#### Source records
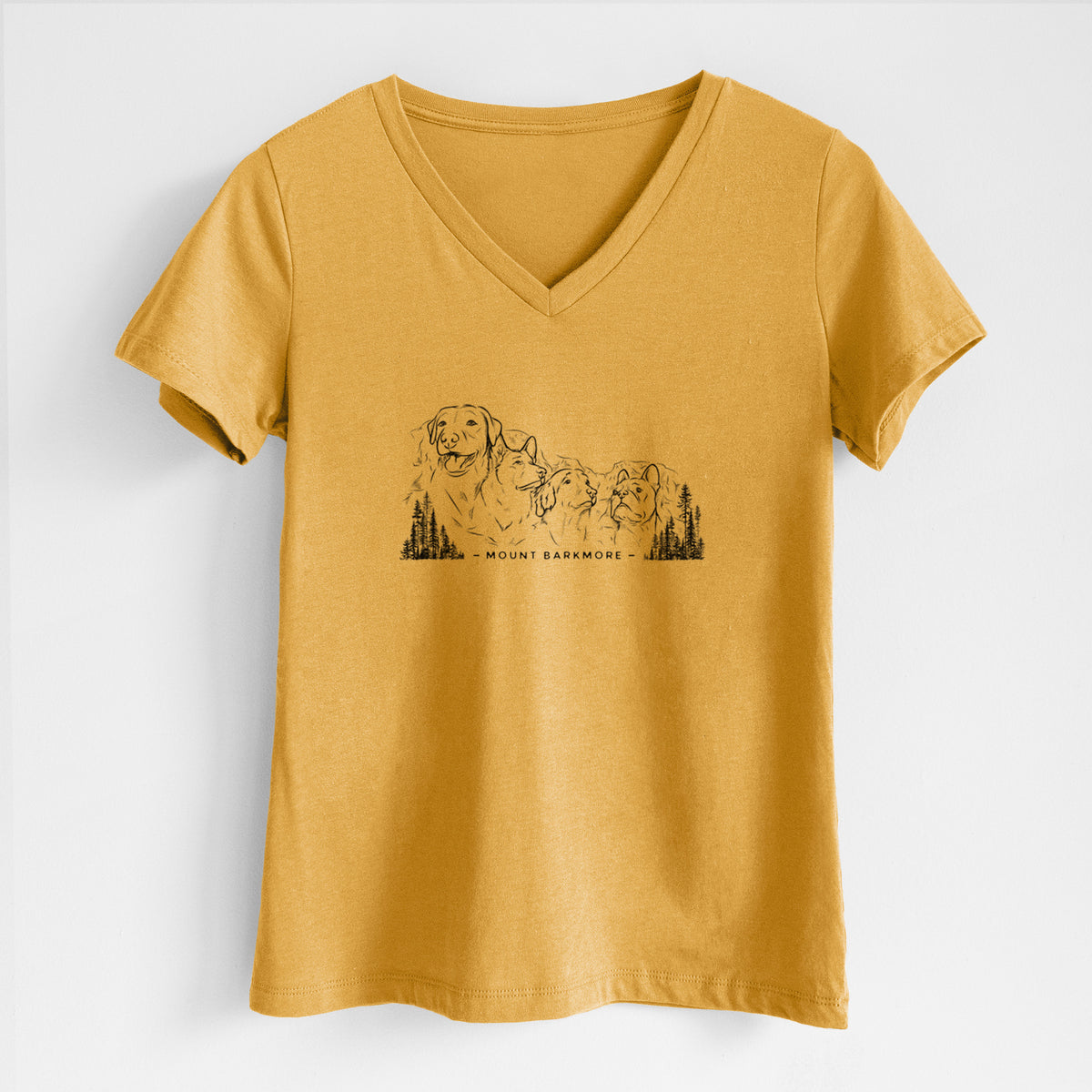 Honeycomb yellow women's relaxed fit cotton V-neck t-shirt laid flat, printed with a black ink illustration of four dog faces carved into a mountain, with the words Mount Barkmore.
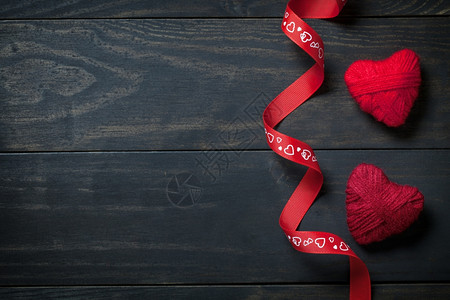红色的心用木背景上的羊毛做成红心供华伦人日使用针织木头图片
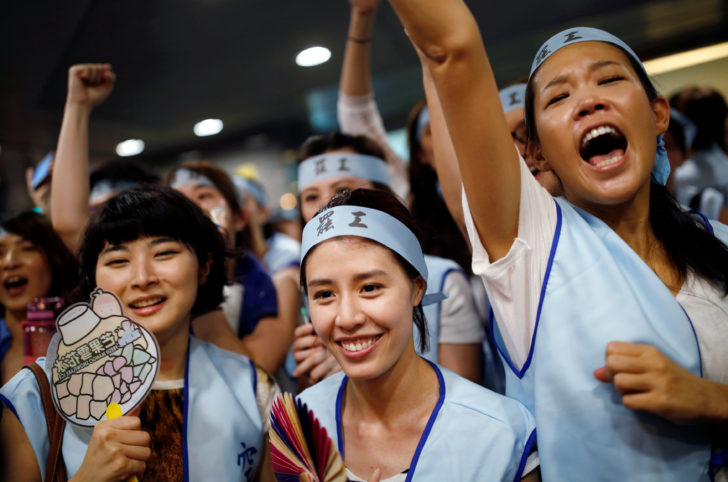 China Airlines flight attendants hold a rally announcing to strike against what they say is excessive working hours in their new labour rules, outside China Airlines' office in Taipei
---
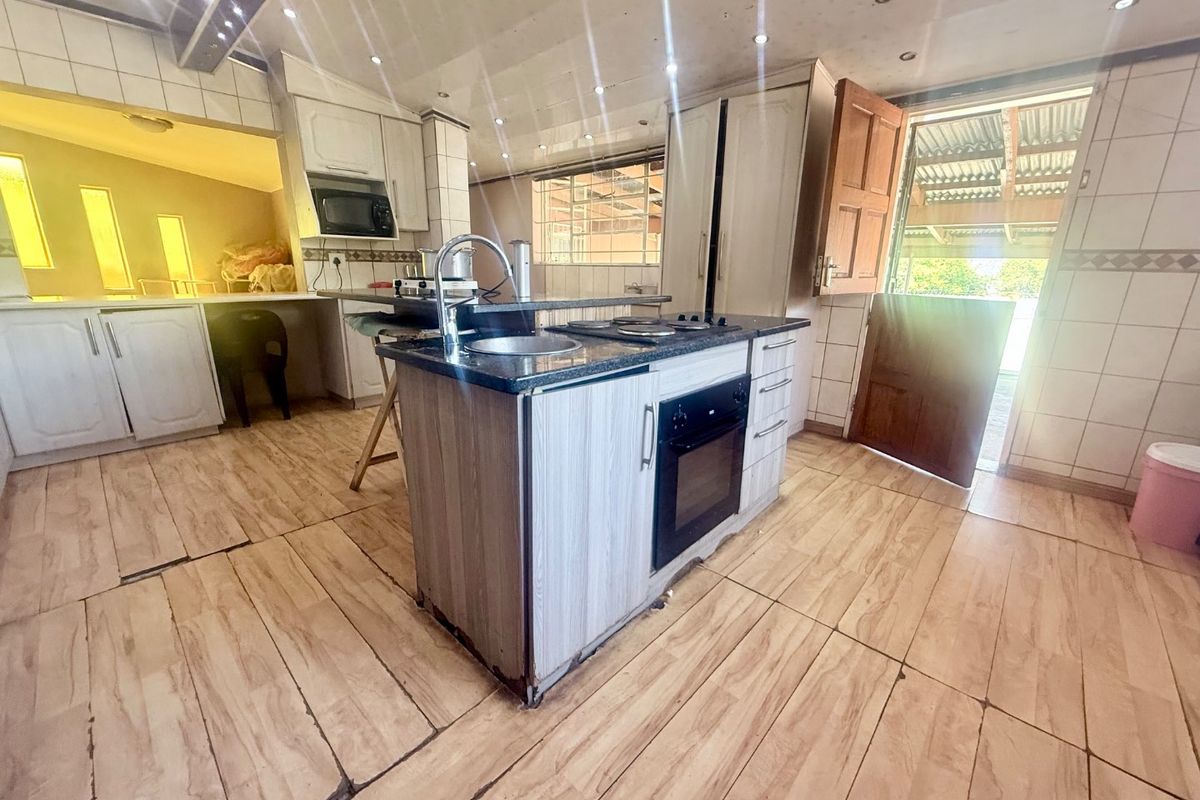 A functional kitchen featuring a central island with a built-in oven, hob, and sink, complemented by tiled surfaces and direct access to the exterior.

#### Exercise
Reproduce the records above exactly, but only from the line with "Honeycomb yellow women's" up to and including the line with "红色的心用木背景上的羊毛做成红心供华伦人日使用针织木头图片". Leave the pictures out.

#### Exercise response
 Honeycomb yellow women's relaxed fit cotton V-neck t-shirt laid flat, printed with a black ink illustration of four dog faces carved into a mountain, with the words Mount Barkmore.
红色的心用木背景上的羊毛做成红心供华伦人日使用针织木头图片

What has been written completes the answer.